++++ AVAILABLE DATA ++++

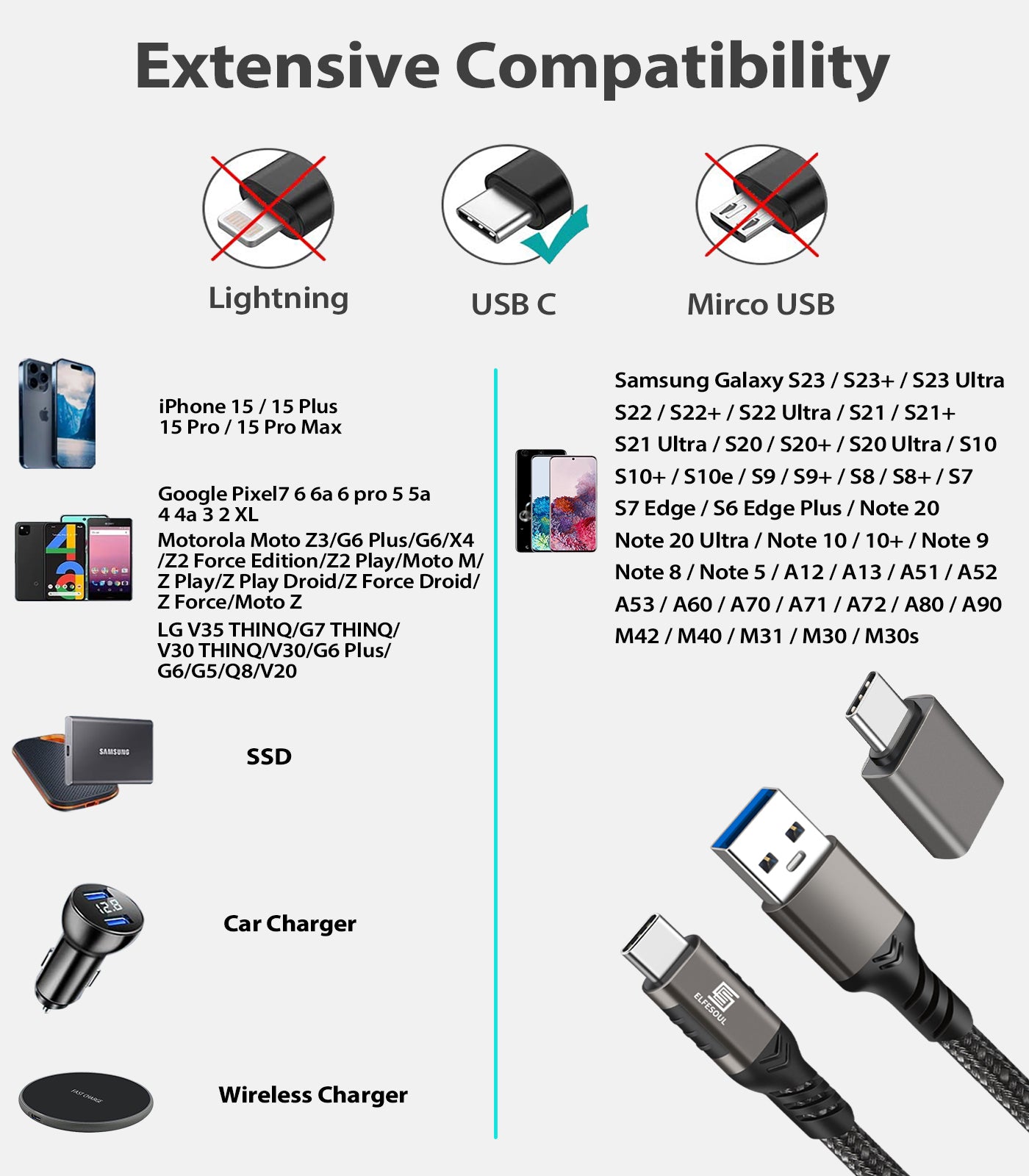USB - A to USB - C Cable USB 3.1 USB 3.2 Gen2 10Gbps Data Charger Cord for Samsung and iPhone, MacBook, Nylon Braided. - ELFESOUL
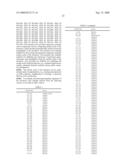 Glucanases, Nucleic Acids Encoding Them And Methods For Making And Using Them diagram and image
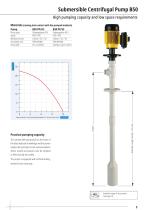 Vertical and horizontal Centrifugal Pumps-5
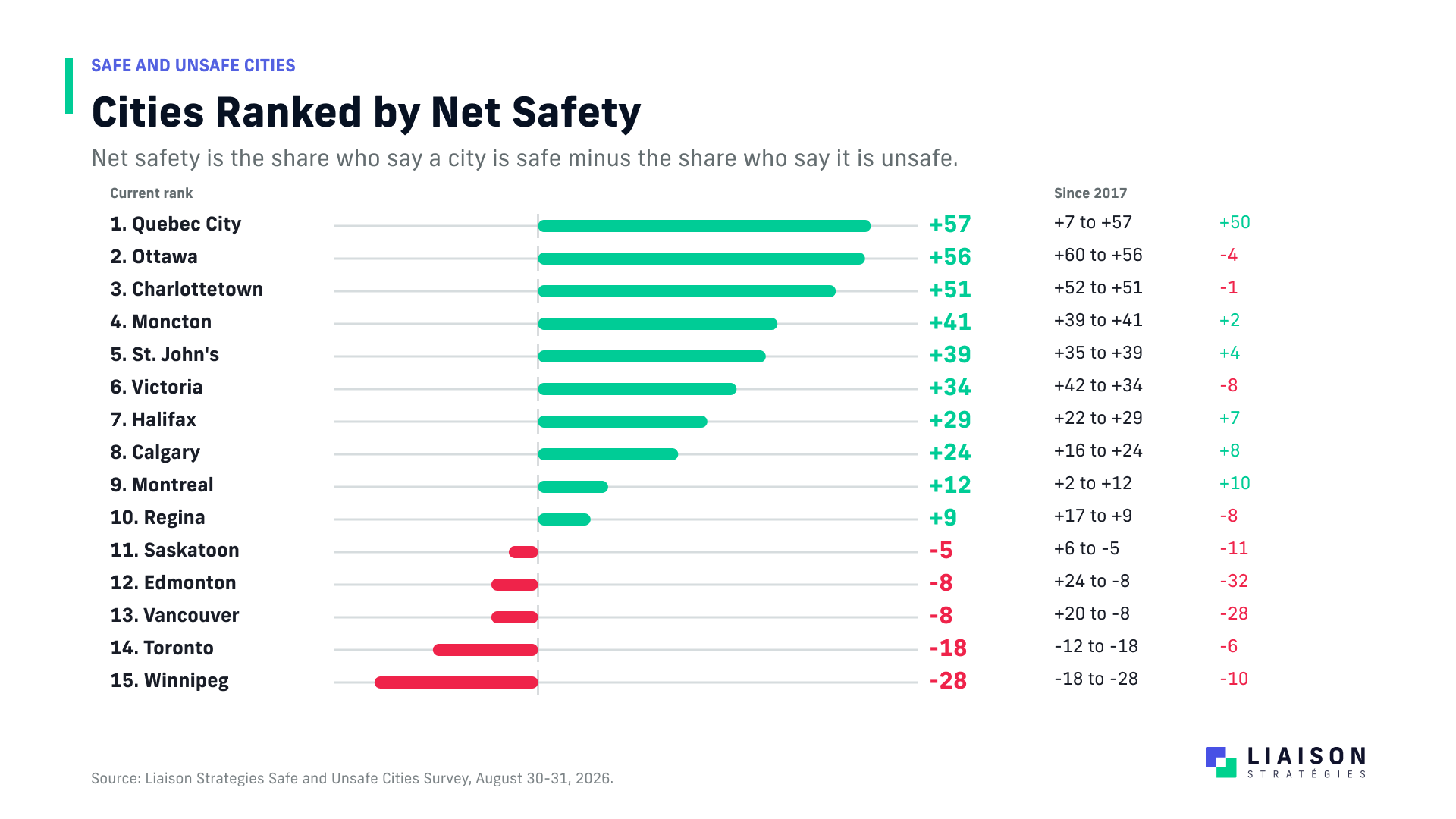 Current net safety ranking and change since 2017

++++

§ AIM OF THE EXERCISE: The data above are to be repeated word for word, with any pictures left out.

§ SOLUTION BELOW:
USB - A to USB - C Cable USB 3.1 USB 3.2 Gen2 10Gbps Data Charger Cord for Samsung and iPhone, MacBook, Nylon Braided. - ELFESOUL
 Glucanases, Nucleic Acids Encoding Them And Methods For Making And Using Them diagram and image
 Vertical and horizontal Centrifugal Pumps-5
 Current net safety ranking and change since 2017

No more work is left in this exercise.